Expressibility of neural quantum states: a Walsh-complexity perspective
Provides a new theoretical framework for understanding when depth is necessary for neural quantum states, addressing a fundamental question in quantum machine learning.
The paper introduces Walsh complexity to measure the expressibility of neural quantum states, showing that shallow additive networks cannot represent states with high Walsh complexity. They construct a dimerized state with maximal Walsh complexity despite simple entanglement, and demonstrate that depth is essential for fitting such states.
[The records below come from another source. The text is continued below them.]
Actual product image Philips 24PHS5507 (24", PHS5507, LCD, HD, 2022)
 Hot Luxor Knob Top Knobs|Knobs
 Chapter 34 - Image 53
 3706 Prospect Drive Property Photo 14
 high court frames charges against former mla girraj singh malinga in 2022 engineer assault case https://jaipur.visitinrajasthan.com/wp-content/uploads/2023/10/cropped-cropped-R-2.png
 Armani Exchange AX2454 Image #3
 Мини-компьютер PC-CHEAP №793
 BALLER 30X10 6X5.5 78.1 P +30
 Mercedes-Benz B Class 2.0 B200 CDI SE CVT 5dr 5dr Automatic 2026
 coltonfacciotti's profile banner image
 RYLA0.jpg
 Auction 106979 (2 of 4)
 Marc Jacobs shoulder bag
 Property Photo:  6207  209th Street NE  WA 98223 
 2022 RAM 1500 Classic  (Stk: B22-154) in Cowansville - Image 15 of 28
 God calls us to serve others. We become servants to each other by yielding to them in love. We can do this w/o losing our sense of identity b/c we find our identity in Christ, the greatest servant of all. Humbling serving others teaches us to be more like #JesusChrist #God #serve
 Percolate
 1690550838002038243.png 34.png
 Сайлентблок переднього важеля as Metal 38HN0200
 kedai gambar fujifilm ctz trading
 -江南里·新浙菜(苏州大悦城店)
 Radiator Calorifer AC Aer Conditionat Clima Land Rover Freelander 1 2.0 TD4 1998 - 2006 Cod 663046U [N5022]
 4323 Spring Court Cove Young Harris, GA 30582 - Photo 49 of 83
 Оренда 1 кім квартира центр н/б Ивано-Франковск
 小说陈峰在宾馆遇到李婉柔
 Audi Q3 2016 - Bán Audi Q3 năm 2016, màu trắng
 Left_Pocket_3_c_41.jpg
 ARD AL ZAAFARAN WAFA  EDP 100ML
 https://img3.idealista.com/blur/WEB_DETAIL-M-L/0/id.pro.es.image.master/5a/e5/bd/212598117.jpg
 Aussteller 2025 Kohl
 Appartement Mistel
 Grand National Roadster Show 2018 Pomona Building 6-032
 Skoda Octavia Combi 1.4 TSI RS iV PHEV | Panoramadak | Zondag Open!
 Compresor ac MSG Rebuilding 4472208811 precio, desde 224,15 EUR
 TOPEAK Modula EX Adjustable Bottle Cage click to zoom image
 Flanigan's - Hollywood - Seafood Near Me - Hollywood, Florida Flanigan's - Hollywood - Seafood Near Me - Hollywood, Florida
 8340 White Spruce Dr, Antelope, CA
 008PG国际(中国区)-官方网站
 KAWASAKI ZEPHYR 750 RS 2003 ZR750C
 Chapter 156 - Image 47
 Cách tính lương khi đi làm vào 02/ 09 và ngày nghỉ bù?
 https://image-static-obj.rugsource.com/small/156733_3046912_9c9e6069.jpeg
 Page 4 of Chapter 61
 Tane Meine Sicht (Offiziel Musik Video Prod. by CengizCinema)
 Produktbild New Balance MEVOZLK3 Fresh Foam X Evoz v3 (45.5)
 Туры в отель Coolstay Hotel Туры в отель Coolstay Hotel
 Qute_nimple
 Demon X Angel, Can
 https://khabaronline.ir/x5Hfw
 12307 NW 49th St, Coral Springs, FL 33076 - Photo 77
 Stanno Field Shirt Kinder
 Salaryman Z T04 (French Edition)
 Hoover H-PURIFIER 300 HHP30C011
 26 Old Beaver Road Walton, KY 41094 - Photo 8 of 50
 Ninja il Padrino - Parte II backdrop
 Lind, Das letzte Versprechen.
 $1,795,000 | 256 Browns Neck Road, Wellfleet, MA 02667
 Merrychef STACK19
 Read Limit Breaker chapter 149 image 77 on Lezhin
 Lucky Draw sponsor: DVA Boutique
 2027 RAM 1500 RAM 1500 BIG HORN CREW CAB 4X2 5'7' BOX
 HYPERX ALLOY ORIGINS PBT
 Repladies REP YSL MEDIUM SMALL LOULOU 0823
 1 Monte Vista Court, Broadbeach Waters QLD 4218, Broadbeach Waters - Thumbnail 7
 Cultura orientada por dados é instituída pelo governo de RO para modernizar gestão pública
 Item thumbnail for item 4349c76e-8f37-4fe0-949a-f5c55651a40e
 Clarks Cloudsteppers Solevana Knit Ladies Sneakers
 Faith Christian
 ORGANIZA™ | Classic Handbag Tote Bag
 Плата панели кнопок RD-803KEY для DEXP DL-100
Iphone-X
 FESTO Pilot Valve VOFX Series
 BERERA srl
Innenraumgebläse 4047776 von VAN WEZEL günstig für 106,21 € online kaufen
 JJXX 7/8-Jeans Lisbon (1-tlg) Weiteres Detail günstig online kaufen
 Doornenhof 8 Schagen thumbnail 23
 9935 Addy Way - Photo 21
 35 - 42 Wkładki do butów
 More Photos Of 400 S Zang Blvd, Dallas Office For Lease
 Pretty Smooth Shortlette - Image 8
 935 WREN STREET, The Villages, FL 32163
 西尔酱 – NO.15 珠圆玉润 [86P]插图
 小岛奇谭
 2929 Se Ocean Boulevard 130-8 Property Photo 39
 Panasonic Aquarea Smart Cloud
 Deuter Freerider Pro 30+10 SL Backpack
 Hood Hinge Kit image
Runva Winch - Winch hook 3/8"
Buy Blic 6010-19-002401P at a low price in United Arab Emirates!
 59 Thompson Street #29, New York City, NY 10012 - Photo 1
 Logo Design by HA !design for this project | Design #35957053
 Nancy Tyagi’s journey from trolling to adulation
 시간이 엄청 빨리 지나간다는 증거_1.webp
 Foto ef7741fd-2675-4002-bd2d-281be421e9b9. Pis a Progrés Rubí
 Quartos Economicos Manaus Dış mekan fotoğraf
Neural quantum states are powerful variational wavefunctions, but it remains unclear which many-body states can be represented efficiently by modern additive architectures. We introduce Walsh complexity, a basis-dependent measure of how broadly a wavefunction is spread over parity patterns. States with an almost uniform Walsh spectrum require exponentially large Walsh complexity from any good approximant. We show that shallow additive feed-forward networks cannot generate such complexity in the tame regime, e.g. polynomial activations with subexponential parameter scaling. As a concrete example, we construct a simple dimerized state prepared by a single layer of disjoint controlled-$Z$ gates. Although it has only short-range entanglement and a simple tensor-network description, its Walsh complexity is maximal. Full-cube fits across system size and depth are consistent with the complexity bound: for polynomial activations, successful fitting appears only once depth reaches a logarithmic scale in $N$, whereas activation saturation in $\tanh$ produces a sharp threshold-like jump already at depth $3$. Walsh complexity therefore provides an expressibility axis complementary to entanglement and clarifies when depth becomes an essential resource for additive neural quantum states.